---------- Exercise materials ----------

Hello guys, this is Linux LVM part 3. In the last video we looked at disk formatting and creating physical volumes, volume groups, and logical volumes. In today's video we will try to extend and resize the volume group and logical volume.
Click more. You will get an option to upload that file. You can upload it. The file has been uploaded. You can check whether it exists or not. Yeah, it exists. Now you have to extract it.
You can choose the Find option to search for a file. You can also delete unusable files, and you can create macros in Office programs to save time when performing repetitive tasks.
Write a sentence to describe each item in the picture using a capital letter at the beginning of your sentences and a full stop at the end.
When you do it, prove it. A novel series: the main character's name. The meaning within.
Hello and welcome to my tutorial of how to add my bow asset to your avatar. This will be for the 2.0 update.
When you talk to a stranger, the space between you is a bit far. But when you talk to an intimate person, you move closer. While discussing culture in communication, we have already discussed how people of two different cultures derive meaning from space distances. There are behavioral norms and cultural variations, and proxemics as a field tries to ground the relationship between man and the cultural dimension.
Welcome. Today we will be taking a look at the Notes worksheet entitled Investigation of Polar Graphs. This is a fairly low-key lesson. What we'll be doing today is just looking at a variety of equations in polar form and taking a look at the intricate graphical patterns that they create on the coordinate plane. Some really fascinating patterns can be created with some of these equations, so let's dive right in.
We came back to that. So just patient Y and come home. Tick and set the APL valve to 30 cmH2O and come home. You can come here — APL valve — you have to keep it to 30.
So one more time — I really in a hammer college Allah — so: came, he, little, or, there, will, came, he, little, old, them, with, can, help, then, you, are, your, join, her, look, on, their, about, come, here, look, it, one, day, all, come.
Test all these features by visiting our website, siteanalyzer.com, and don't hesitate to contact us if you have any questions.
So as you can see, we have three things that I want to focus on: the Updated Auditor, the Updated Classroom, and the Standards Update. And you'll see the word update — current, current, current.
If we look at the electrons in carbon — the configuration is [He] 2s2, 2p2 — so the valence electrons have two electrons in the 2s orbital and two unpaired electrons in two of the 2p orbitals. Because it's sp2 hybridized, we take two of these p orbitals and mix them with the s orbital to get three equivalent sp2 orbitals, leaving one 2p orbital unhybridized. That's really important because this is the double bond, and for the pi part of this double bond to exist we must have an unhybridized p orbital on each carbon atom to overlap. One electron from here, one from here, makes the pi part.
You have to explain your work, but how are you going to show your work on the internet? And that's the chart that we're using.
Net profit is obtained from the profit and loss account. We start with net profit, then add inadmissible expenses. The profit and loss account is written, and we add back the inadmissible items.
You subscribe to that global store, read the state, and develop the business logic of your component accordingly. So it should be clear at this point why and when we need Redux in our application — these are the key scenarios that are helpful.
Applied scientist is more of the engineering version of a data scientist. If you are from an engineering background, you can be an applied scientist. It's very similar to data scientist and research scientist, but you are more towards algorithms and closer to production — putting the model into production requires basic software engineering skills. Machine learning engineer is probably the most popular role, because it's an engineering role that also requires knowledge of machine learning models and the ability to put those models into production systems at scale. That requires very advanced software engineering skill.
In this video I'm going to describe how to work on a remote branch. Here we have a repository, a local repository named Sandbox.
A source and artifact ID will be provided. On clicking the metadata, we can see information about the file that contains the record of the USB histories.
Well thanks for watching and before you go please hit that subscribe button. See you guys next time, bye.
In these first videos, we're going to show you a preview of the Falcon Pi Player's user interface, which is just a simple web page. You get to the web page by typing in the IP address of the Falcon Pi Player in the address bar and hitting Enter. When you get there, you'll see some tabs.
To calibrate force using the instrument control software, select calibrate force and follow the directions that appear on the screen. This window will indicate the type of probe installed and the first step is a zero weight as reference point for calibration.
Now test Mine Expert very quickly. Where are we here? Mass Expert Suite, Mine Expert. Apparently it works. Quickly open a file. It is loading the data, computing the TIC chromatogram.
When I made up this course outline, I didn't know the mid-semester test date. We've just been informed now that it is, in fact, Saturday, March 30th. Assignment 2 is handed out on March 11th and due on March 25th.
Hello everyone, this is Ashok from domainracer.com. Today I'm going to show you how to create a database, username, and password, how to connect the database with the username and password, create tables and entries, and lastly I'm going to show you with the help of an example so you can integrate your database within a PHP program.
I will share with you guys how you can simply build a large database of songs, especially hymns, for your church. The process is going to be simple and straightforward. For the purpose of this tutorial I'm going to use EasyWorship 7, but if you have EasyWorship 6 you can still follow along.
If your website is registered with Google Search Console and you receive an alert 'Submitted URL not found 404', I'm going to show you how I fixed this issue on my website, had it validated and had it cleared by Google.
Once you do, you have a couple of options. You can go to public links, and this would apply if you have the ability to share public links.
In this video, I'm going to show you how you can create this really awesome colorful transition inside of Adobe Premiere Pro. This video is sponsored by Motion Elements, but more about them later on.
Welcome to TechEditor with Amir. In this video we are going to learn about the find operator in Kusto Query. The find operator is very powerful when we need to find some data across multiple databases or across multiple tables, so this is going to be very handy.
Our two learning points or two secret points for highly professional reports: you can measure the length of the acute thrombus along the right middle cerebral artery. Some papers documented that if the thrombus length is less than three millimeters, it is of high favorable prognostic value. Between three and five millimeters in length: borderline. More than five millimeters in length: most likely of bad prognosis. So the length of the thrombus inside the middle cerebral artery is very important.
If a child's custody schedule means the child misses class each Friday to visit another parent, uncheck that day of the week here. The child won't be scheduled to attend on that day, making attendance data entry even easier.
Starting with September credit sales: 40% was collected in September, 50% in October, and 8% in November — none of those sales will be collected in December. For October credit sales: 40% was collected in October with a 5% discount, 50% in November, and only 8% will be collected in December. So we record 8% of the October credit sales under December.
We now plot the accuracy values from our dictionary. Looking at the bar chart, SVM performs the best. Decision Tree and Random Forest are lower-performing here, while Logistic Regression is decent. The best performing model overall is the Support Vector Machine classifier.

----------

Retype the data. Every line must match the original exactly.

Hello guys, this is Linux LVM part 3. In the last video we looked at disk formatting and creating physical volumes, volume groups, and logical volumes. In today's video we will try to extend and resize the volume group and logical volume.
Click more. You will get an option to upload that file. You can upload it. The file has been uploaded. You can check whether it exists or not. Yeah, it exists. Now you have to extract it.
You can choose the Find option to search for a file. You can also delete unusable files, and you can create macros in Office programs to save time when performing repetitive tasks.
Write a sentence to describe each item in the picture using a capital letter at the beginning of your sentences and a full stop at the end.
When you do it, prove it. A novel series: the main character's name. The meaning within.
Hello and welcome to my tutorial of how to add my bow asset to your avatar. This will be for the 2.0 update.
When you talk to a stranger, the space between you is a bit far. But when you talk to an intimate person, you move closer. While discussing culture in communication, we have already discussed how people of two different cultures derive meaning from space distances. There are behavioral norms and cultural variations, and proxemics as a field tries to ground the relationship between man and the cultural dimension.
Welcome. Today we will be taking a look at the Notes worksheet entitled Investigation of Polar Graphs. This is a fairly low-key lesson. What we'll be doing today is just looking at a variety of equations in polar form and taking a look at the intricate graphical patterns that they create on the coordinate plane. Some really fascinating patterns can be created with some of these equations, so let's dive right in.
We came back to that. So just patient Y and come home. Tick and set the APL valve to 30 cmH2O and come home. You can come here — APL valve — you have to keep it to 30.
So one more time — I really in a hammer college Allah — so: came, he, little, or, there, will, came, he, little, old, them, with, can, help, then, you, are, your, join, her, look, on, their, about, come, here, look, it, one, day, all, come.
Test all these features by visiting our website, siteanalyzer.com, and don't hesitate to contact us if you have any questions.
So as you can see, we have three things that I want to focus on: the Updated Auditor, the Updated Classroom, and the Standards Update. And you'll see the word update — current, current, current.
If we look at the electrons in carbon — the configuration is [He] 2s2, 2p2 — so the valence electrons have two electrons in the 2s orbital and two unpaired electrons in two of the 2p orbitals. Because it's sp2 hybridized, we take two of these p orbitals and mix them with the s orbital to get three equivalent sp2 orbitals, leaving one 2p orbital unhybridized. That's really important because this is the double bond, and for the pi part of this double bond to exist we must have an unhybridized p orbital on each carbon atom to overlap. One electron from here, one from here, makes the pi part.
You have to explain your work, but how are you going to show your work on the internet? And that's the chart that we're using.
Net profit is obtained from the profit and loss account. We start with net profit, then add inadmissible expenses. The profit and loss account is written, and we add back the inadmissible items.
You subscribe to that global store, read the state, and develop the business logic of your component accordingly. So it should be clear at this point why and when we need Redux in our application — these are the key scenarios that are helpful.
Applied scientist is more of the engineering version of a data scientist. If you are from an engineering background, you can be an applied scientist. It's very similar to data scientist and research scientist, but you are more towards algorithms and closer to production — putting the model into production requires basic software engineering skills. Machine learning engineer is probably the most popular role, because it's an engineering role that also requires knowledge of machine learning models and the ability to put those models into production systems at scale. That requires very advanced software engineering skill.
In this video I'm going to describe how to work on a remote branch. Here we have a repository, a local repository named Sandbox.
A source and artifact ID will be provided. On clicking the metadata, we can see information about the file that contains the record of the USB histories.
Well thanks for watching and before you go please hit that subscribe button. See you guys next time, bye.
In these first videos, we're going to show you a preview of the Falcon Pi Player's user interface, which is just a simple web page. You get to the web page by typing in the IP address of the Falcon Pi Player in the address bar and hitting Enter. When you get there, you'll see some tabs.
To calibrate force using the instrument control software, select calibrate force and follow the directions that appear on the screen. This window will indicate the type of probe installed and the first step is a zero weight as reference point for calibration.
Now test Mine Expert very quickly. Where are we here? Mass Expert Suite, Mine Expert. Apparently it works. Quickly open a file. It is loading the data, computing the TIC chromatogram.
When I made up this course outline, I didn't know the mid-semester test date. We've just been informed now that it is, in fact, Saturday, March 30th. Assignment 2 is handed out on March 11th and due on March 25th.
Hello everyone, this is Ashok from domainracer.com. Today I'm going to show you how to create a database, username, and password, how to connect the database with the username and password, create tables and entries, and lastly I'm going to show you with the help of an example so you can integrate your database within a PHP program.
I will share with you guys how you can simply build a large database of songs, especially hymns, for your church. The process is going to be simple and straightforward. For the purpose of this tutorial I'm going to use EasyWorship 7, but if you have EasyWorship 6 you can still follow along.
If your website is registered with Google Search Console and you receive an alert 'Submitted URL not found 404', I'm going to show you how I fixed this issue on my website, had it validated and had it cleared by Google.
Once you do, you have a couple of options. You can go to public links, and this would apply if you have the ability to share public links.
In this video, I'm going to show you how you can create this really awesome colorful transition inside of Adobe Premiere Pro. This video is sponsored by Motion Elements, but more about them later on.
Welcome to TechEditor with Amir. In this video we are going to learn about the find operator in Kusto Query. The find operator is very powerful when we need to find some data across multiple databases or across multiple tables, so this is going to be very handy.
Our two learning points or two secret points for highly professional reports: you can measure the length of the acute thrombus along the right middle cerebral artery. Some papers documented that if the thrombus length is less than three millimeters, it is of high favorable prognostic value. Between three and five millimeters in length: borderline. More than five millimeters in length: most likely of bad prognosis. So the length of the thrombus inside the middle cerebral artery is very important.
If a child's custody schedule means the child misses class each Friday to visit another parent, uncheck that day of the week here. The child won't be scheduled to attend on that day, making attendance data entry even easier.
Starting with September credit sales: 40% was collected in September, 50% in October, and 8% in November — none of those sales will be collected in December. For October credit sales: 40% was collected in October with a 5% discount, 50% in November, and only 8% will be collected in December. So we record 8% of the October credit sales under December.
We now plot the accuracy values from our dictionary. Looking at the bar chart, SVM performs the best. Decision Tree and Random Forest are lower-performing here, while Logistic Regression is decent. The best performing model overall is the Support Vector Machine classifier.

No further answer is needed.